Je suis toujours choquée de voir à quel point l’homme peut être méchant, d’une parfaite cruauté. Chris est persécuté parce qu’il est différent et surtout seul. Il est tellement facile de s’attaquer à plus faible que soi. Ce genre de comportement traduit généralement un mal-être de la part de l’agresseur, mais cela ne constitue pas une excuse. Et cela n’excuse en rien ceux qui suivent et adulent le bourreau. Et je crois que We’re Still Together rend bien compte, tristement, de ces rapports de force entre dominant et dominé.
Heureusement pour Chris, Bobby est témoin d’une des agressions et se porte à son secours. Il encourage même Chris à se venger physiquement sur Jeremy des mauvais traitements répétés. Mais cela ne cadre pas avec la nature de Chris, qui ne souhaite qu’être accepté (ou laissé en paix, en ce qui concerne Jeremy).
Quand à Bobby, le fait qu’il ne puisse plus voir sa fille le rend malade. Papa et fille s’organisent donc des virées nocturnes afin de passer un peu de temps ensemble, allant ainsi à l’encontre de la volonté de la mère et d’un jugement de la cour. Cette relation particulière crée un sentiment d’inconfort, d’incompréhension, n’ayant pas tous les détails pour être capable de la juger. Et c’est parfait ainsi.
Chris est un gars solitaire, isolé, malmené. Sensible, il n’est pas dépourvu de sentiments et souffre de toute la violence dirigée contre lui. Bobby se présente comme son parfait opposé : séduisant, athlétique, autoritaire, il ne s’en laisse pas imposer. Au contraire, il va souvent au-delà des ennuis, mais a tout de même bon cœur.
« The juxtaposition of these two men, the polarity of their sensibilities, reinforce the power that relationships have for us. Even though they meet that evening and spend only one night together, both have a profound effect on the other. We’re Still Together shows us as we really are: scared, defensive, lonely but trying to be generous, strong, loving. It is through the exploration, the acceptance, the embracing of others that we come to truly know ourselves », expliquait le réalisateur. [La juxtaposition de ces deux hommes, la polarité de leur sensibilité, renforce le pouvoir que les relations ont pour nous. Même s’ils viennent de se rencontrer et qu’ils ne passent qu’une seule soirée ensemble, ils ont un profond effet l’un sur l’autre. We’re Still Together nous montre sous notre vrai jour : effrayé, défensif, seul, mais essayant d’être généreux, fort, aimant. C’est à travers l’exploration, l’acceptation, le contact avec les autres qu’il nous est possible de nous connaître vraiment.]

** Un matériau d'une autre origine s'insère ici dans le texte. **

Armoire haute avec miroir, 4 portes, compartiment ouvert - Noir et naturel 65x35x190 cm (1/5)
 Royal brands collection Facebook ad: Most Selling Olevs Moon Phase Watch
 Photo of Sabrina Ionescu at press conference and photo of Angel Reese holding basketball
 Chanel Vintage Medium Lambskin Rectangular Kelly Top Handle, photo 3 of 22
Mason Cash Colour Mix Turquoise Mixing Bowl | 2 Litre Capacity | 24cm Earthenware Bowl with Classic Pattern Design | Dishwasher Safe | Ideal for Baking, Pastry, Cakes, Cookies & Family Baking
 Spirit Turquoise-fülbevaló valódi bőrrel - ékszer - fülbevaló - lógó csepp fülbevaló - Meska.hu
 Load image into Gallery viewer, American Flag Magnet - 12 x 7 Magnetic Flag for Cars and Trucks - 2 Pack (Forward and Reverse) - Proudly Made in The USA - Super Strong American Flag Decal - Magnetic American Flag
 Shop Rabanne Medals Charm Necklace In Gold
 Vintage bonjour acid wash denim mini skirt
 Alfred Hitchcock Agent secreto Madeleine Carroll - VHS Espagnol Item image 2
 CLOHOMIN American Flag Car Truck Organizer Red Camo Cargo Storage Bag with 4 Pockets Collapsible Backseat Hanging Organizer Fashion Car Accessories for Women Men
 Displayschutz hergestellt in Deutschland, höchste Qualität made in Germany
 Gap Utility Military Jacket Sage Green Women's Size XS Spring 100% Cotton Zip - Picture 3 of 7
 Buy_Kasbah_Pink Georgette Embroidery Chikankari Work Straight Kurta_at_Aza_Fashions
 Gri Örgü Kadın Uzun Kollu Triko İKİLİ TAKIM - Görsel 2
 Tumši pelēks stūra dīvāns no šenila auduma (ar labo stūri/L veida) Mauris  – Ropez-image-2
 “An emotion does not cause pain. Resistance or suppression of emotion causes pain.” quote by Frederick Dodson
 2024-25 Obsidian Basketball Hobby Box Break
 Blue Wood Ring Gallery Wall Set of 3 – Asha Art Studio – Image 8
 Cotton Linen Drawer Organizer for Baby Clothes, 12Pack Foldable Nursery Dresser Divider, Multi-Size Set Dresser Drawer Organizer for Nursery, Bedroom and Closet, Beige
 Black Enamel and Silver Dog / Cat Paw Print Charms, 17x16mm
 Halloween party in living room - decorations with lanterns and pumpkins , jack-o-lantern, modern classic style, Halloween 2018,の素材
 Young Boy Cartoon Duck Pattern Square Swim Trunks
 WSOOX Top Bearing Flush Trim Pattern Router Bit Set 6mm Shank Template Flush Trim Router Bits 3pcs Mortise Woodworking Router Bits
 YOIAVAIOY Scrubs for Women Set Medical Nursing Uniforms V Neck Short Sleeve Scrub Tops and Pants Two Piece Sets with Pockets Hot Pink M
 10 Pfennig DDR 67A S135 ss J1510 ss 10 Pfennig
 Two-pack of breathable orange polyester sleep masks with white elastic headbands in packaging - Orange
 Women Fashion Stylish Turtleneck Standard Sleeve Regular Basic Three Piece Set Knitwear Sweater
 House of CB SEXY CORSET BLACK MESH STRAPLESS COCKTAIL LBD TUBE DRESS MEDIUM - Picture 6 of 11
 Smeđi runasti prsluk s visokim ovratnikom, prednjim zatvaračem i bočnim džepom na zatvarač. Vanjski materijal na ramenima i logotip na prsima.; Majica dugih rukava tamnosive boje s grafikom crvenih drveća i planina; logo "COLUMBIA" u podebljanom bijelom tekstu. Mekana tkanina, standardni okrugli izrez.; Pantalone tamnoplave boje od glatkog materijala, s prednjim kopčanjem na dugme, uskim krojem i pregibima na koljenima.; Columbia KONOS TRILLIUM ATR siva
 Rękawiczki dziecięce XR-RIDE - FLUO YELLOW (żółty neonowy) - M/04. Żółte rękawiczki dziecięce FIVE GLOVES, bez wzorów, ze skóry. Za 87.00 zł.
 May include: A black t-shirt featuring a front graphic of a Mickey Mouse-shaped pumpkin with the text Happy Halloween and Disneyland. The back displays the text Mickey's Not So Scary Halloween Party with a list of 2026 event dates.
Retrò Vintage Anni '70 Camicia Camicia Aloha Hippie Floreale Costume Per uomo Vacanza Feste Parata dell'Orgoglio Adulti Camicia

Le résumé ne m’avait pas convaincue, mais le réalisateur m’a agréablement surprise avec ce film. Dans plusieurs plans, les protagonistes sont en voiture. On les observe, assis en silence, et leurs conversations, souvent anodines, sont ajoutées en voix-off. L’effet est très intéressant. Leur solitude respective est ainsi mise de l’avant; quelques vérités sont dévoilées au fil du film, mais les blessures profondes sont tues. C’est dans l’action et leurs expressions faciales que certaines nous sont révélées.
Klein joue aussi beaucoup avec les gros plans, allant capter l’émotion sur les visages des personnages. Et les émotions font les montagnes russes, surtout en ce qui concerne Bobby. Sa gaieté peut rapidement céder la place à un excès de rage, devant alors froid et blessant. Chris en paie le prix à quelques reprises. Mais Bobby agit de la sorte pour l’aider. Ouin, c’est dans ces moments-là que tu te dis : avec des amis comme ça, pas besoin d’ennemis.
We’re Still Together est un film de qualité qui montre différentes facettes et expressions du mal-être des gens. Un film profondément humain!
Et vous, si l’on vous en avait donné la chance, vous seriez-vous vengé sur votre bourreau?